EXCERPTED DATA ▸
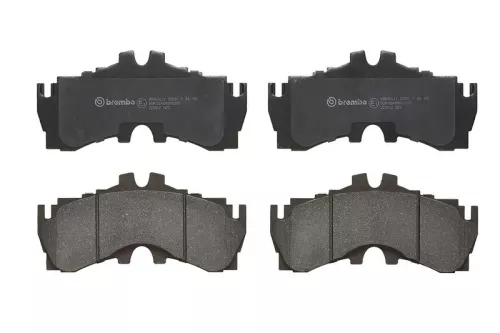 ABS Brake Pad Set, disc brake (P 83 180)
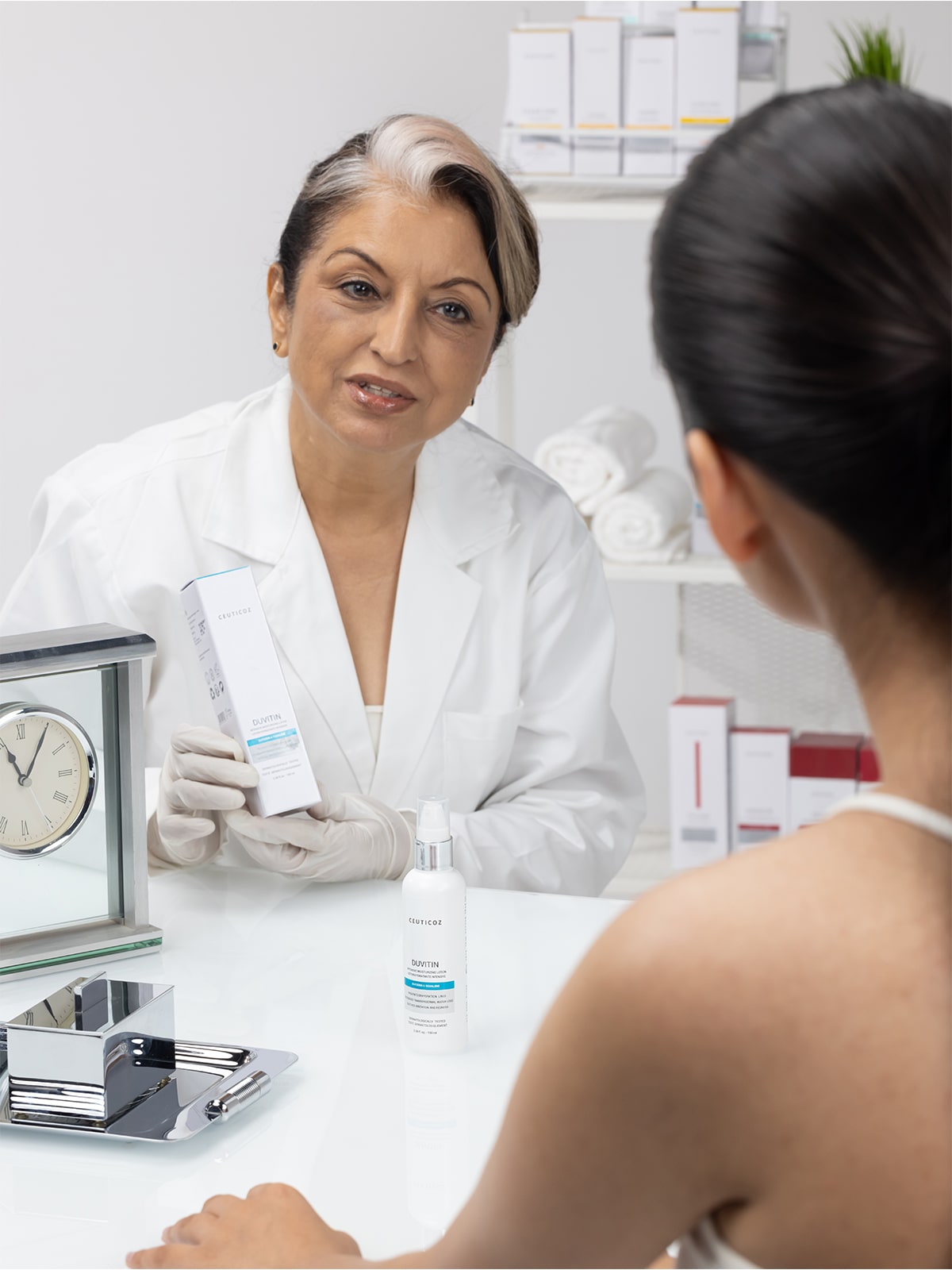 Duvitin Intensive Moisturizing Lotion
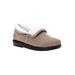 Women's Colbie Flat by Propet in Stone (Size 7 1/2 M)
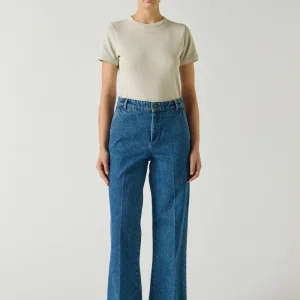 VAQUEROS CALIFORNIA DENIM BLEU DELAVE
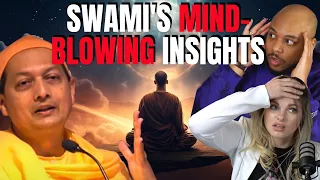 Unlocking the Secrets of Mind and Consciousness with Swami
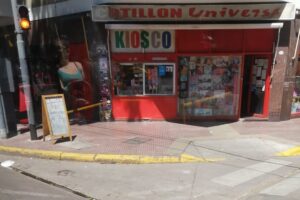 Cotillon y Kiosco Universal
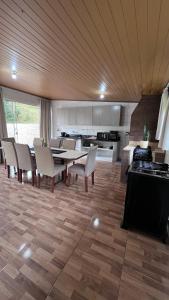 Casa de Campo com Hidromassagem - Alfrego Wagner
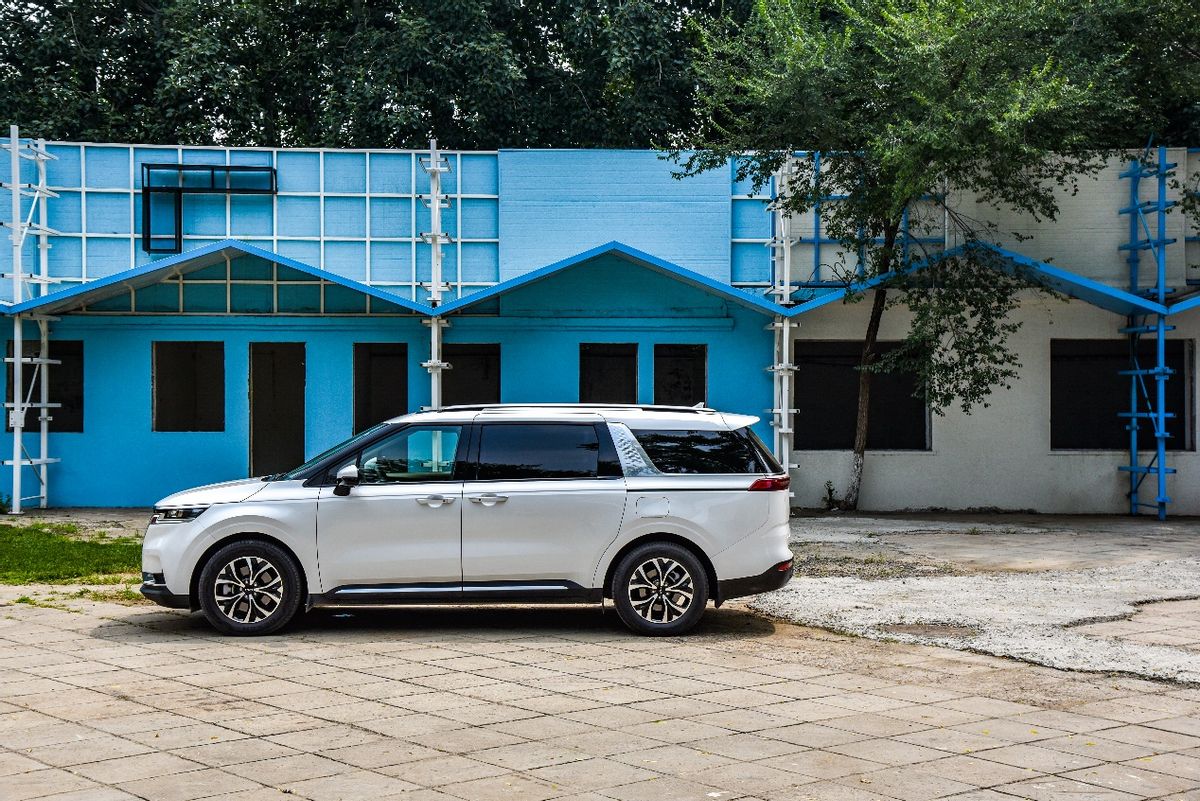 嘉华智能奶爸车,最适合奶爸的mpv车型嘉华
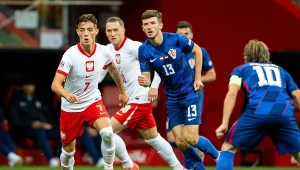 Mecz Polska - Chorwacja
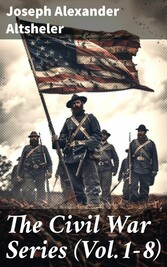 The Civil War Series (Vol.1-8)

...

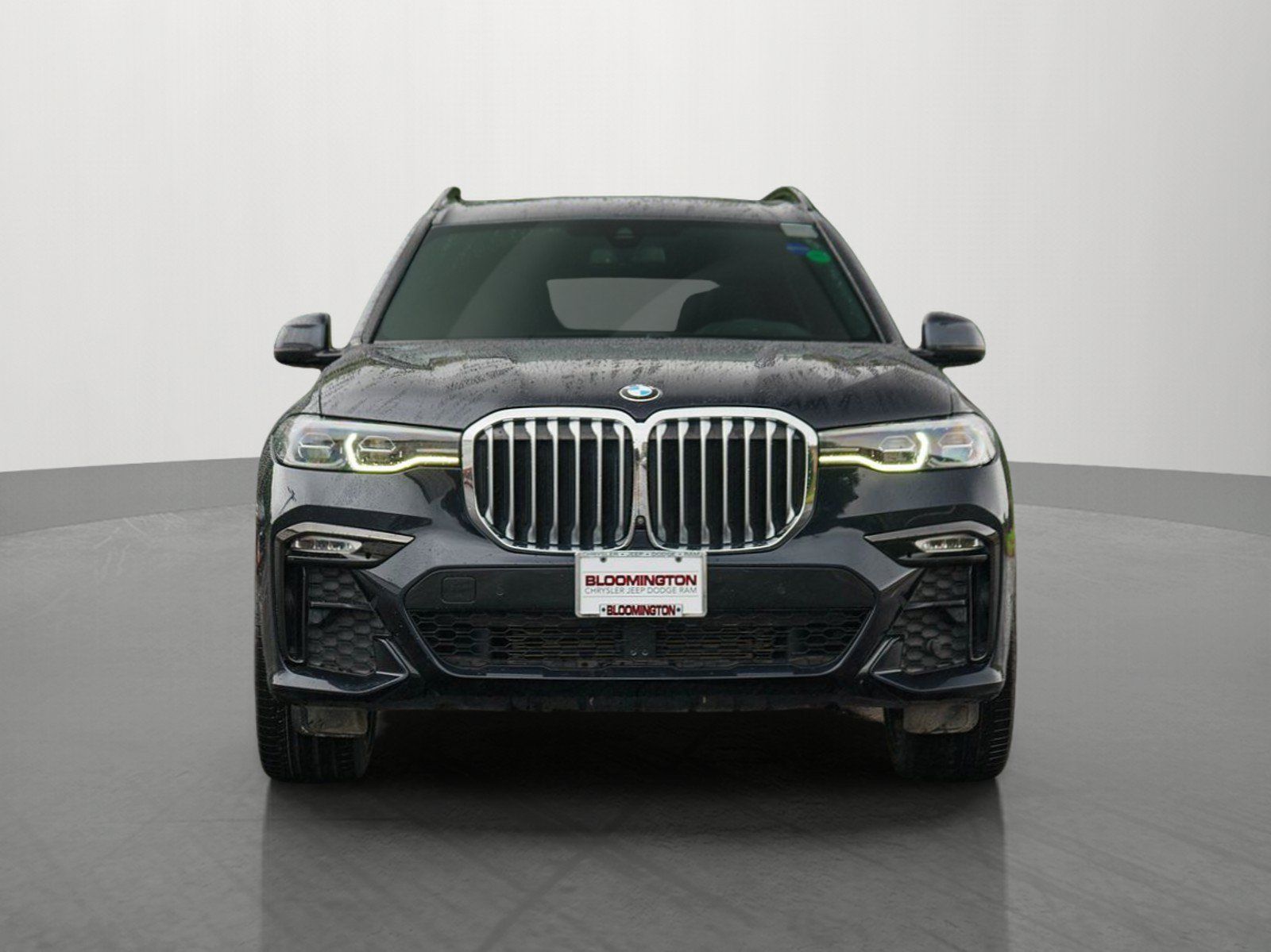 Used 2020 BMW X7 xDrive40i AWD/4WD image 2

EXERCISE DESCRIPTION ▸ Transcribe the listing above exactly, but only from the line with "VAQUEROS CALIFORNIA DENIM BLEU DELAVE" through the line with "The Civil War Series (Vol.1-8)". Include both of those lines and omit the pictures.

SOLUTION TO THIS EXERCISE ▸
 VAQUEROS CALIFORNIA DENIM BLEU DELAVE
 Unlocking the Secrets of Mind and Consciousness with Swami
 Cotillon y Kiosco Universal
 Casa de Campo com Hidromassagem - Alfrego Wagner
 嘉华智能奶爸车,最适合奶爸的mpv车型嘉华
 Mecz Polska - Chorwacja
 The Civil War Series (Vol.1-8)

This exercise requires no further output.